Tidak seperti anak-anak yang lahir di era 90-an, saya lahir di era 70-an, dimana teknologi belum semaju sekarang ini. Media elektronik hanya ada TVRI selain radio dengan frekwensi AM yang isi beritanya tidak jauh beda dengan TVRI di kala itu.
Mengenang masa-masa saya sekolah dari mulai TK, SD hingga ke Perguruan Tinggi, saya merasa didik (bukan sekedar diajar) oleh guru sebagai pengajar serta orang tua sebagai wali. Pada masa itu saya merasa orang tua saya benar-benar memasrahkan saya kepada guru saya, jadi apapun yang dilakukan guru kepada saya dan teman yang lain itu orang tua tidak akan protes apalagi sampai melawan guru. Saya pun merasa guru benar-benar dekat dengan muridnya, mengenal satu persatu muridnya, beberapa malah mengenal muridnya secara pribadi. Hal seperti ini seperinya tidak saya dihat pada mereka para pendidik. Pendidik/pengajar, dalam hal ini guru, seperti hanya menggugur kan kewajiban ketika jam sekolah saja. Mereka datang ke sekolah, mengajar bahan ajar dan selesai ketika jam pulang sekolah tiba. Entah apa ada hubungannya dengan kurikulum yang selalu berganti tiap ganti menteri atau memang jamannya yang sudah beda jauh.
Kembali lagi ke perbandingan anak-anak era 70-an dengan era 90-an. Mengenai tata krama, saya merasa anak-anak sekarang (kebanyakan lahir setelah tahun 1990) sangat kurang. Apa ada hubungannya dengan pelajaran Pendidikan Moral Pancasila (PMP) yang sejak kurikulum 94 mulai dihilangkan dan diganti dengan PpKN dan sekarang PKN!?? Bisa jadi iya, karena sekolah tidak lagi diwajibkan untuk mendidik muridnya soal moral. Masalah moral dikembalikan lagi ke keluarga.
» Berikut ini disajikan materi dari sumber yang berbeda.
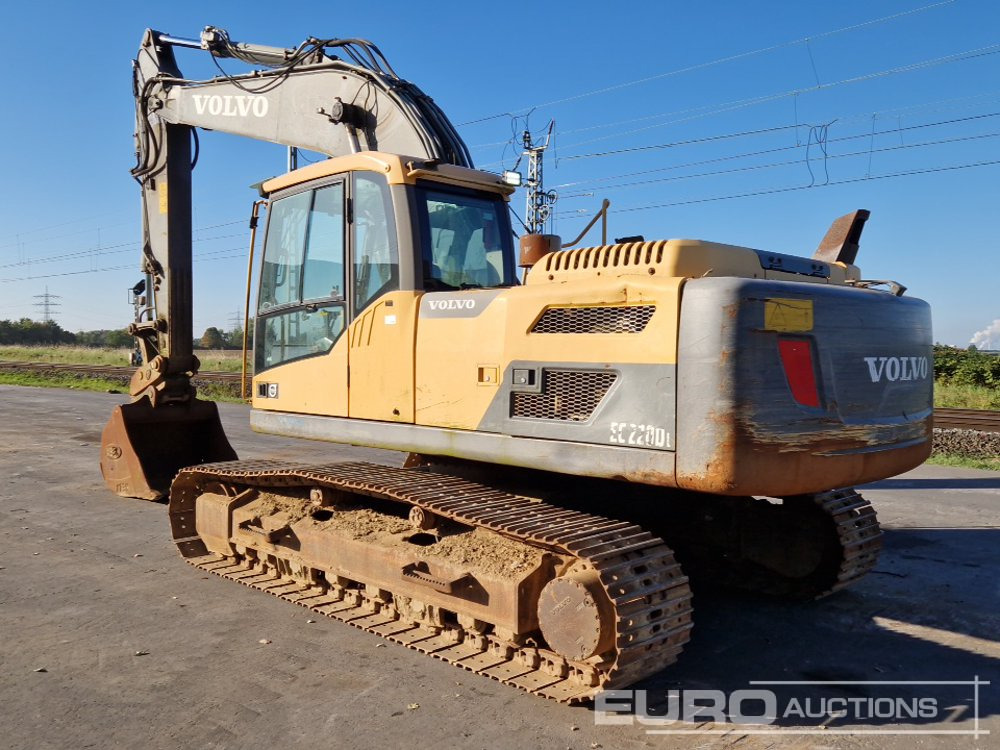2012 Volvo EC220DL - Escavadora de rastos: foto 3 2012 Volvo EC220DL - Escavadora de rastos: foto 3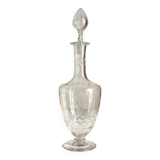 Chiseled and engraved crystal liqueur decanter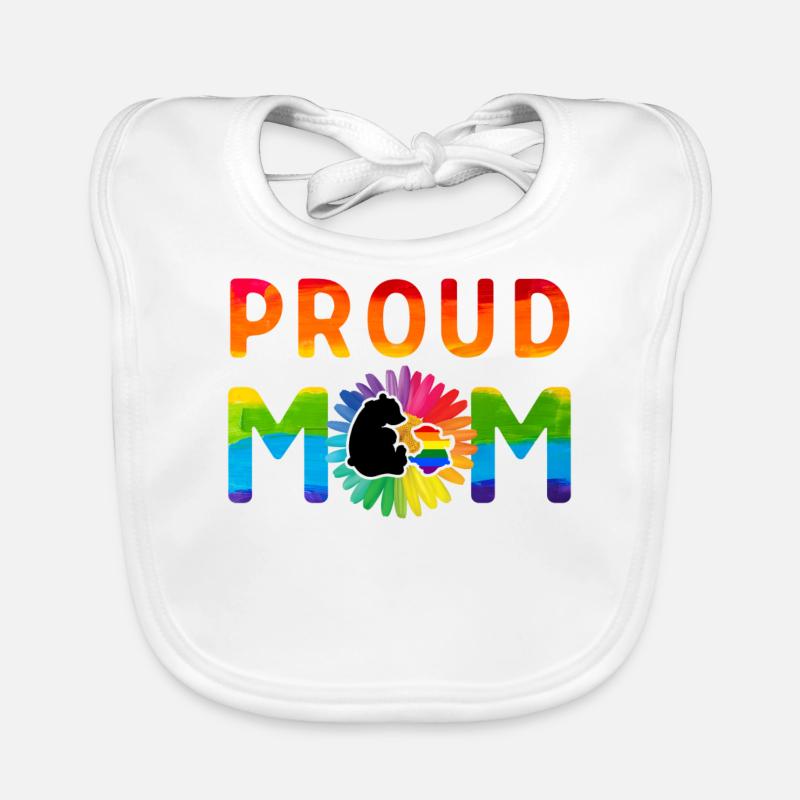 Fier maman ours - Bavoir bio Bébé - blanc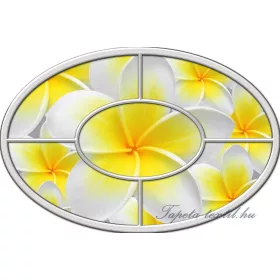 Ovális vlies poszter, fotótapéta 918VEZ7 /312x208 cm/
Padahal di jaman sekarang keluarga jauh untuk bisa diharapkan mendidik secara moral terutama di kota-kota besar. Kebanyakan orang tua hanya memenuhi kebutuhan secara materi, tanpa memperhatikan kebutuhan rohani. Pendidikan anak diserahkan pada nenek yang sudah mulai lelah secara fisik atau lebih parah lagi kepada baby sitter/pembantu. Dengan asuhan seperti ini, apa mungkin pendidikan moral akan terserap ke otak anak terlebih hingga anak mempraktekan. Di jaman sekarang, anak-anak marah hingga membentak orang tua di depan umum terlihat biasa. Mereka (anak-anak itu) membentak orang tuanya tak ubahnya seperti membentak ataupun memerintah pada pembantunya. Sungguh miris ketiga saya melihat hal seperti ini terjadi di depan mata saya tanpa saya bisa berbuat sesuatu.
Sedikit cerita pengalaman saya beberapa hari lalu ketika saya datang ke GrapaRi Telkomsel. Saya dilayani oleh customer sevice perempuan yang usianya menurut tebakan saya sekitar 21-22 tahun. Dari awal CS ini agak sedikit tidak ramah untuk ukuran karyawan front office, jauh dibawah standar layanan Grapari cabang lain yang sering kali saya kunjungi. Si mbak ini tiap kali saya tanya tentang produk telkomsel, jawabnya sambil melihat ke komputer, berpaling sebentar ke saya dan kemudian pindah lagi ke komputer. Beberapa kali saya perhatikan seperti itu. Saya pikir, mungkin memang sedang sibuk jadi customer agak di nomor duakan. Kejengkelan saya memuncak ketika ditengah saya ngomong dengan dia, dengan seenaknya dia memotong pembicaraan (tanpa kata maaf) dan bicara dengan rekan kerjanya, seperti memberi perintah. Di situ saya mulai naik darah. Sebagai pelanggan saya merasa tidak dihargai. Andaipun pada saat training sebagai CS baru dia tidak diajarkan soal memotong pembicaraan itu tidak boleh, mestinya dia diajarkan (entah oleh guru atau pun orang tuanya) untuk menghargai orang lain terlebih lagi yang lebih tua untuk tidak seenak udelnya memotong pembicaraan. Menurut ukuran saya itu sangat tidak sopan.
Itulah gambaran saya pada anak-anak muda jaman sekarang. Sopan-santun terasa sekali kurang. Barangkali pendidikan moral disekolah harus dimunculkan ulang, agar anak-anak mengenal sopan santun sejak kecil dirumah maupun disekolah. Di jaman sekarang ini rasanya perlu pengamalan butir-butir P4 di galakkan lagi. Janganlah menganggap butir-butir P4 karna produk orde baru langsung dinilai jelek.